リフォーム工事を行う前には、事前に現地調査をしてもらい、見積もりを出してもらうことになります。
複数の業者に相見積もりを取ってもらう場合は、別々にそれぞれの業者が対象となる不動産に足を運ぶことになりますが、現地調査でリフォーム業者のスタッフが具体的に何をするのかわからないという方も多いはずです。
リフォームのための現地調査では、建物の設備の確認や採寸、写真撮影などを行うことになります。
基本的にはその時に施主や家族が何かをしなければならないということはありませんが、ただ指をくわえて業者の調査を見ていてはもったいないです。
というのも、現地調査に向けてきちんと準備をすることで、または現地調査中に業者と話をすることで、リフォームの満足度が変わってくる可能性があるからです。
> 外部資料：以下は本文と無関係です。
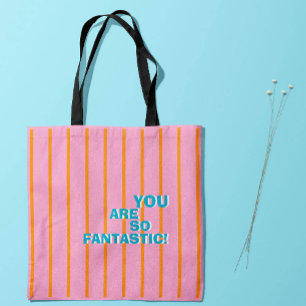 Bolsa Tote Geométrico, Laranja-Rosa, Mensagem de Agradeciment
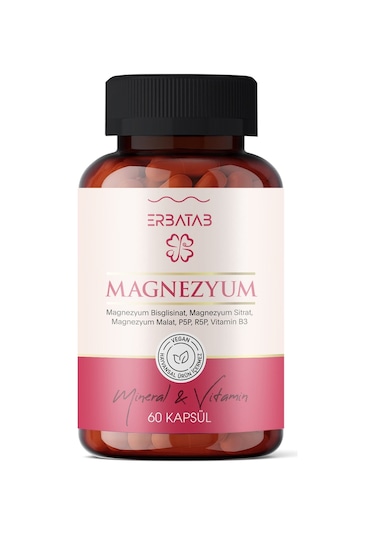 Erbatab Magnezyum Bisglisinat Sitrat Malat & Vitamin B2 B3 B6 3'lü Form 60 Kapsül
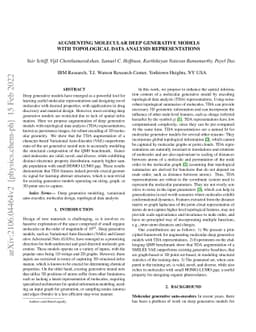 Augmenting Molecular Deep Generative Models with Topological Data
  Analysis Representations
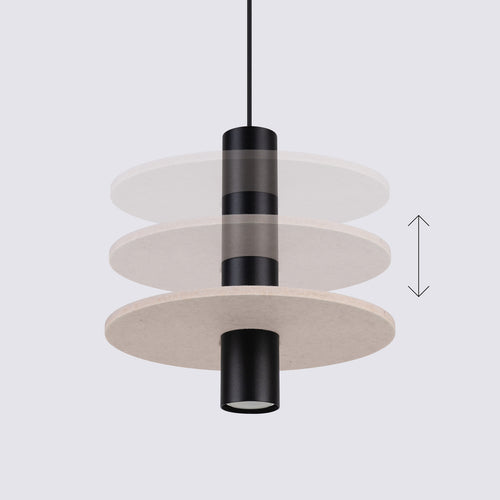 Sollux Lighting Hanglamp PELTA 1 zwart/beige - 30x30x126cm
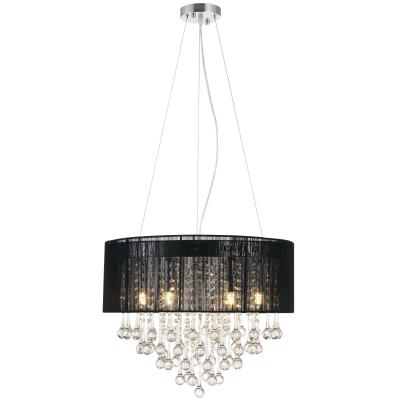 HOMCOM Glass Droplet Ceiling Pendant w/ Drum Shade Black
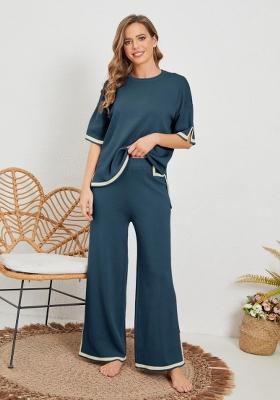 Teal Plain Lycra Co Ord Set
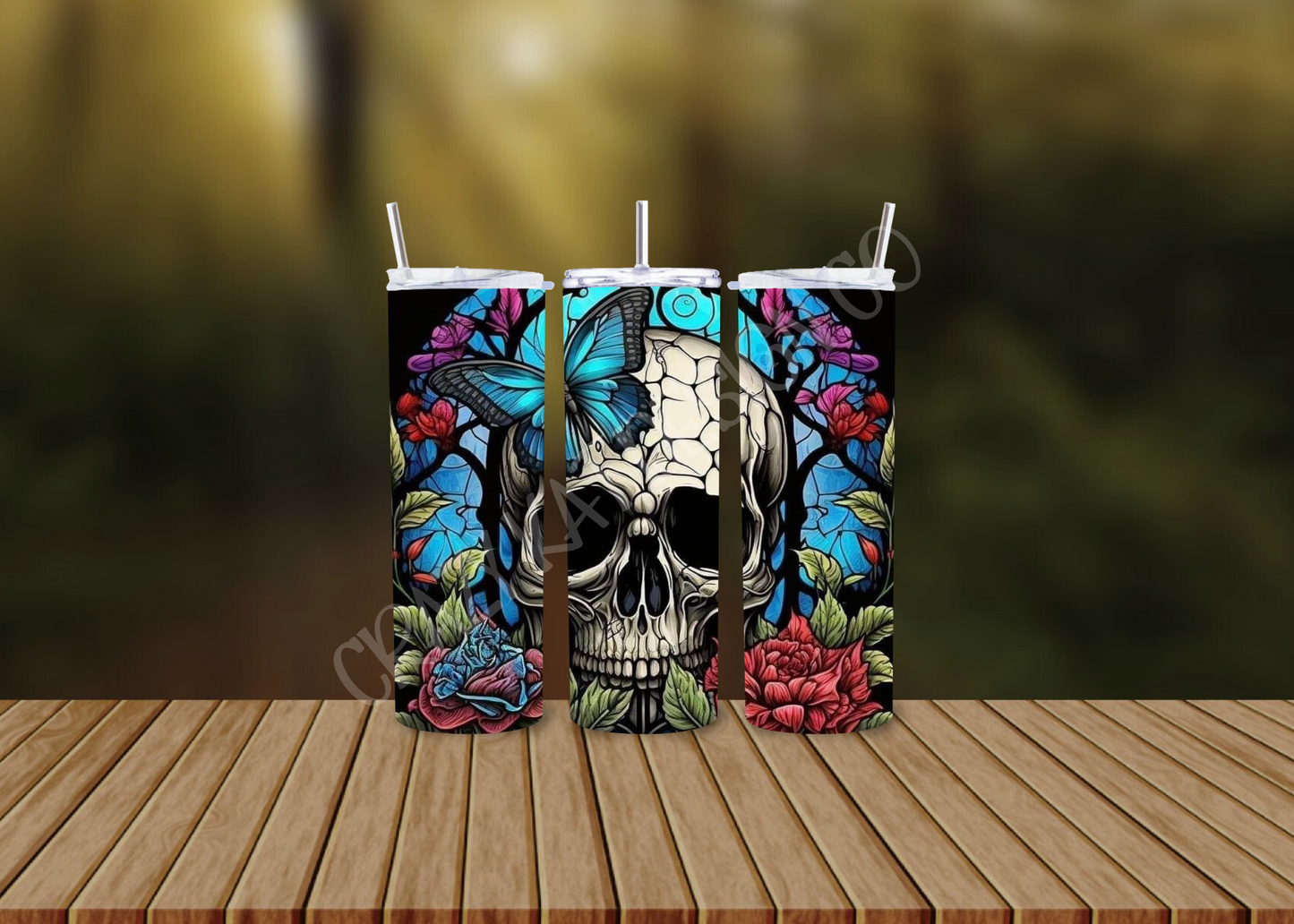 CUSTOMIZABLE STAIN GLASS WINDOW SKULL WITH A BUTTERFLY HOT AND COLD TUMBLERS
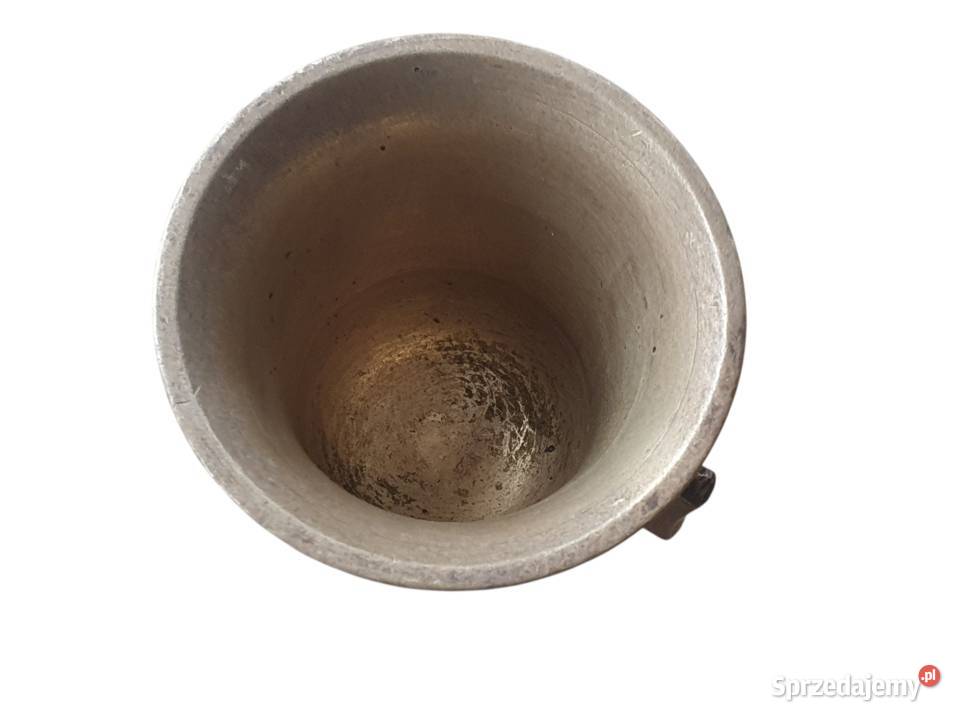 Stary mosiężny moździerz kuchenny sygnowany lata śląskie Cieszyn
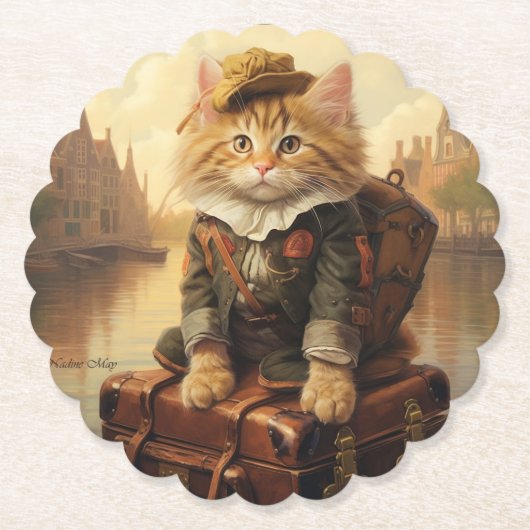 Winterfeiern im Schnee, mit Kätzchen Untersetzer (Vorderseite)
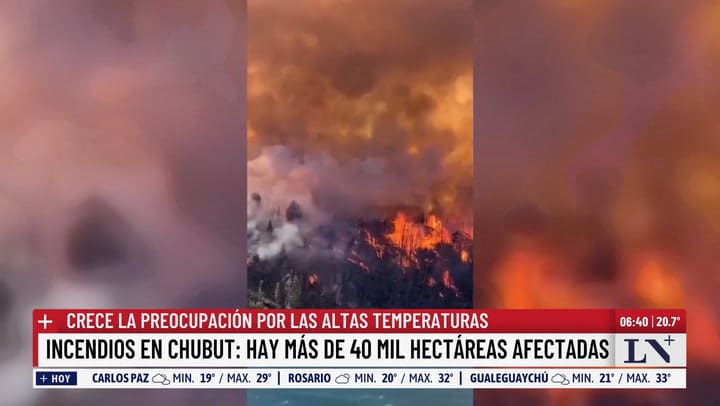 Incendios en Chubut: hay mas de 40 mil hectareas afectadas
この記事では、現地調査の目的や現地調査ですべきことなどを紹介させていただきます。
現地調査で行う流れを知る
最初に、リフォーム業者のスタッフが現地調査ですべきことを見ていきましょう。
一般的な現地調査で行うことは、
- 設備の確認
- 採寸
- 写真撮影
- ヒアリング
になります。
また、マンションなどの共同住宅をリフォームする場合は、
- 共有部分の確認
- 管理人へのヒアリング
も行うことがあります。
設備の確認
リフォームの現地調査できているわけですから、当然リフォームをする場所の確認をするのですが、それ以外にもその建物の老朽化具合を確認し、希望のリフォームが可能かどうかをチェックします。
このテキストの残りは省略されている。